Despite these structural advantages, German unions have trouble retaining union membership because of the system's serious "free rider" problem. The German system is also facing pressures for change: rising unemployment (from one-seventh of U.S. levels in 1973 to parity with the U.S. by the mid-1980s), as well as joblessness of exceptionally long duration, a growing contingent, part-time work force, and the opening of German production facilities in other countries, such as the proposed BMW and Mercedes plants in South Carolina.
The Canadian experience is more relevant. The labor laws in the Canadian provinces and at the federal sector are markedly more pro-union than our own. Several of the provinces allow unions to obtain bargaining rights on the basis of authorization cards in lieu of contested elections; they also impose arbitration in first-contract situations where the parties cannot reach agreement on their own, and prohibit the hiring of permanent replacements during strikes.
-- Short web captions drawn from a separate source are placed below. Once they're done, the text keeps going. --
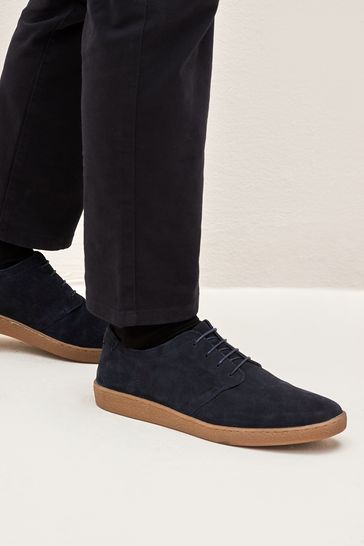 Navy Blue Suede Derby Shoes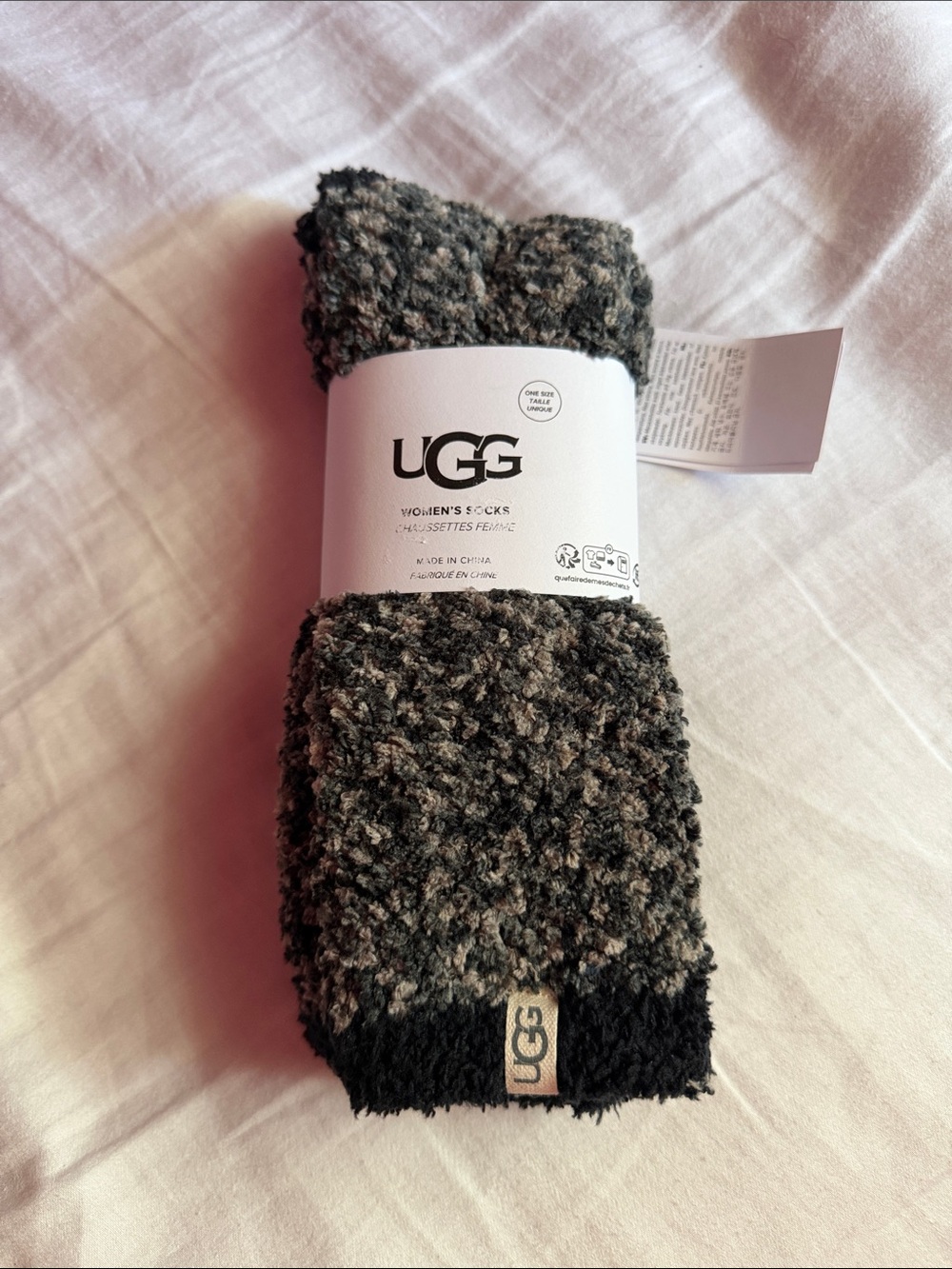 UGG Women's Marled Black & Gray Plush Cozy Socks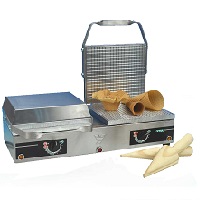 BARQUILLERA: Hornos planos para elaborar  cucuruchos, capelinas, barquillos. Con manuales y recetas. Fabricados en Acero inoxidable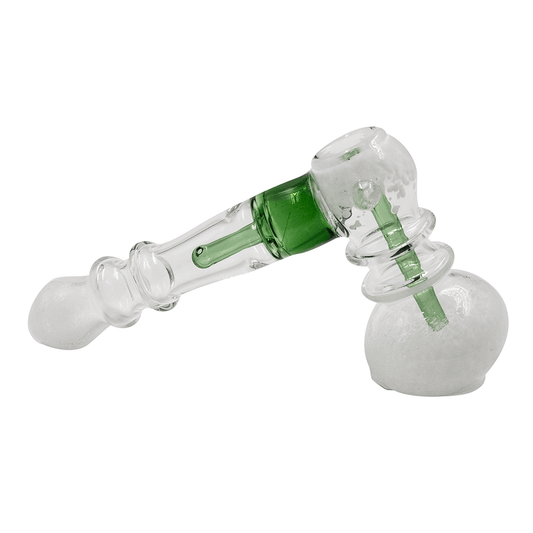 Snowy On Green - Glass Hammer Pipe The Bong Shop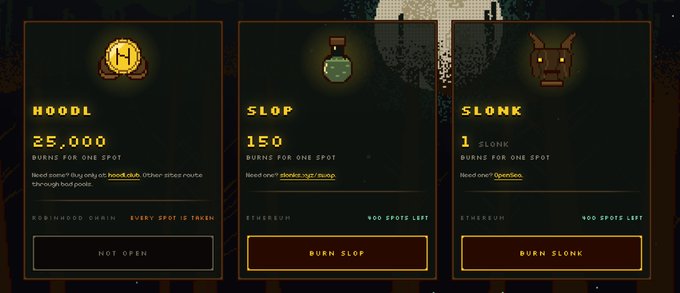 This image shows three options: HOODL (25,000 burns for one spot, unavailable), SLOP (150 burns for one spot, with 400 spots left), and SLONK (1 SLONK burns for one spot, with 400 spots left). The post describes successfully using signals to buy ethereum which led to an NFT WL, relating to the "SLONK" option which requires buying an NFT.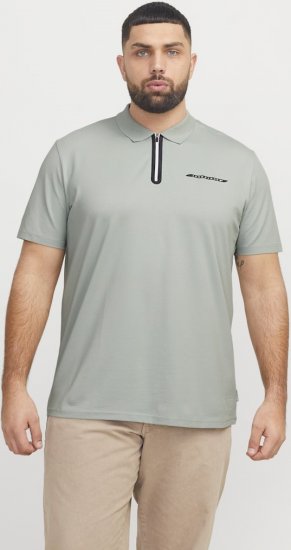 Jack & Jones Fusion Pique Zipper Polo Green/Blue - Polo majice - Muške Polo Majice Veliki Brojevi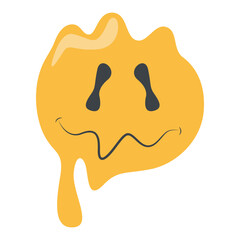 Psychedelic Dripping Smile on White Background. Vector Illustration in Vintage Cartoon Design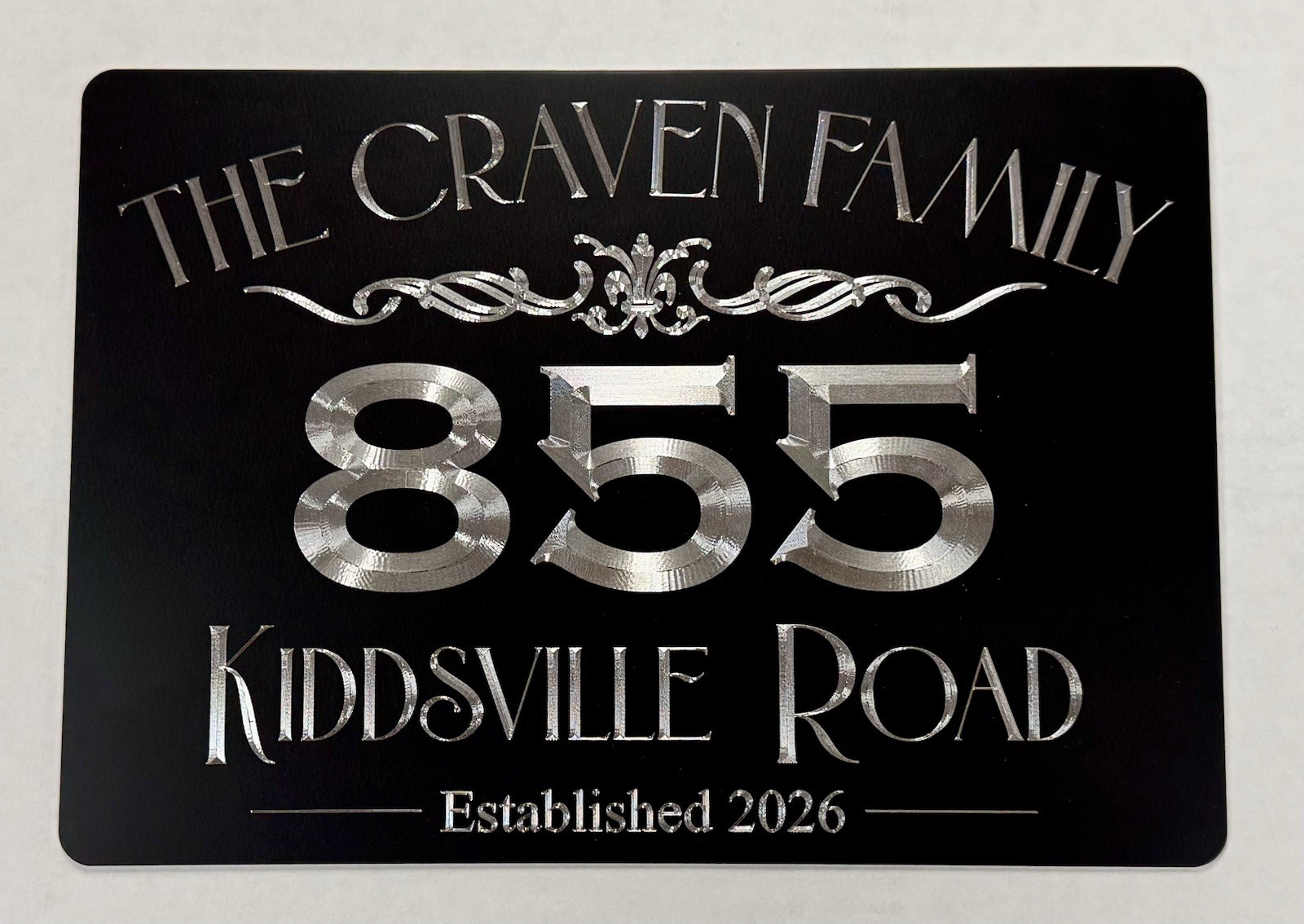 Double Sided Custom Engraved House Home Number Street Address Metal Sign 10x7 gallery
The unionization figures in Canada are twice as high as our own, and despite a decline in the 1970s, appear in recent years to have leveled off or slightly increased. However, Leo Troy, a Rutgers labor economist, argues that the Canadian statistics are misleading because they merge private and public sector employees and include "Crown Companies" that operate largely as government monopolies. His numbers show a decline in private sector union density of 25 percent from 1975 to 1985, once the public sector and Crown Company components are subtracted. In his view, the trend lines for Canadian private sector unions are the same as our own but lag behind ours because Canada shifted to a service economy later than we did. The free trade agreement also will narrow labor-cost differences between the two countries. Canada, too, faces serious economic difficulties, including a dwindling manufacturing base and double-digit unemployment.
WHAT SHOULD BE DONE?
Option 1: Do Nothing. There is a strong case that workers deserve representation. However, the case cannot be persuasively based on unions as agents for a redistribution of wealth from capital to labor. Tax and spending measures are better suited for this purpose than collective bargaining. Whatever force collective bargaining once may have had as a redistributive strategy, unions will have difficulty pursuing traditional wage premium and job control policies in a world of competitive product markets.
It is, rather, the "voice" benefits of workplace representation that argue for reform. To use Albert Hirschman's influential terminology, workers have a need for "voice" because of a limited ability to "exit," as they are rooted in their communities and tied to the firm by training and benefits policies that discourage mobility. Voice is important not only because of the contribution it makes to the dignity and autonomy of the individual worker. Voice mechanisms in the workplace also promote efficient contracts between workers and firms. A meaningful grievance procedure is a "collective good" that individuals are unlikely to secure. In addition, many productivity-enhancing improvements in the workplace are difficult to put in place without a mechanism for representing employees and eliciting their cooperation and trust.
There may also be a direct relationship between the decline of workplace representation and the rise in demand for social legislation. In some cases, as suggested by the debate over workplace-based health insurance, appropriate legislation may be preferable to reliance on the outcomes of decentralized collective bargaining or unilateral employer policies. However, the demand for legislation can also take the form of an ever-growing list of "mandates" that may poorly reflect employee preferences, deter needed job growth, and divert resources to the litigation system. Unions or other institutions for employee voice, when they effectively communicate employee preferences, provide an important alternative to legislation and litigation.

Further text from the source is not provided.